The novel’s non-contingency also provides a useful theological frame of reference:
contingency (freedom) within a non-contingent form (a design, a plan, an ordered
structure) is likened to freedom within a providential plane. The character in a
novel is thus free, within the limits of a greater order. The theme of free will versus
providence appears throughout the Sparkian œuvre — in The Driver’s Seat
(1970), Not to Disturb (1971) and Symposium (1992), especially. Spark herself has
said, in a interview, that she believes that events are “providentially ordered”
(1962:14).
The function of narrative altitude, and in particular the narrator’s daring
time-shifts, is to allow events to be seen in the light of Providence, which is also an
ordering pattern that makes ‘sense’ of events.

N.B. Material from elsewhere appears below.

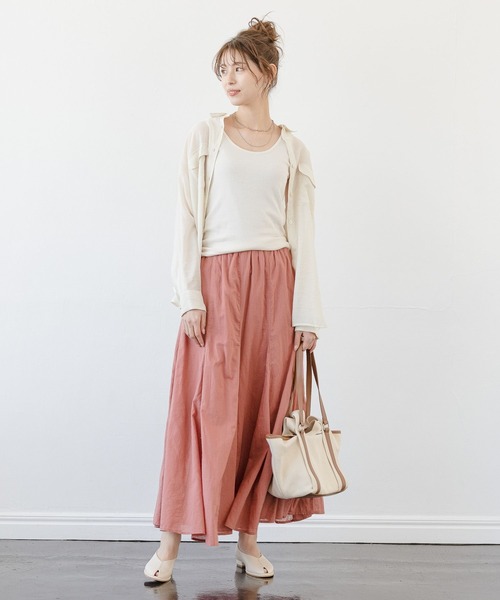 リネンスカート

Early in the novel we are told that
one of the characters, a ten-year-old girl, will die at the age of twenty-three. Mary
Macgregor is the scapegoat of the Brodie set. We read:
‘ ... Speech is silver but silence is golden. Mary, are you listening? What was I saying?’
Mary Macgregor, lumpy, with merely two eyes, a nose and a mouth like a snowman,
who was later famous for being stupid and always to blame and who, at the age of
twenty-three, lost her life in a hotel fire, ventured, ‘Golden.’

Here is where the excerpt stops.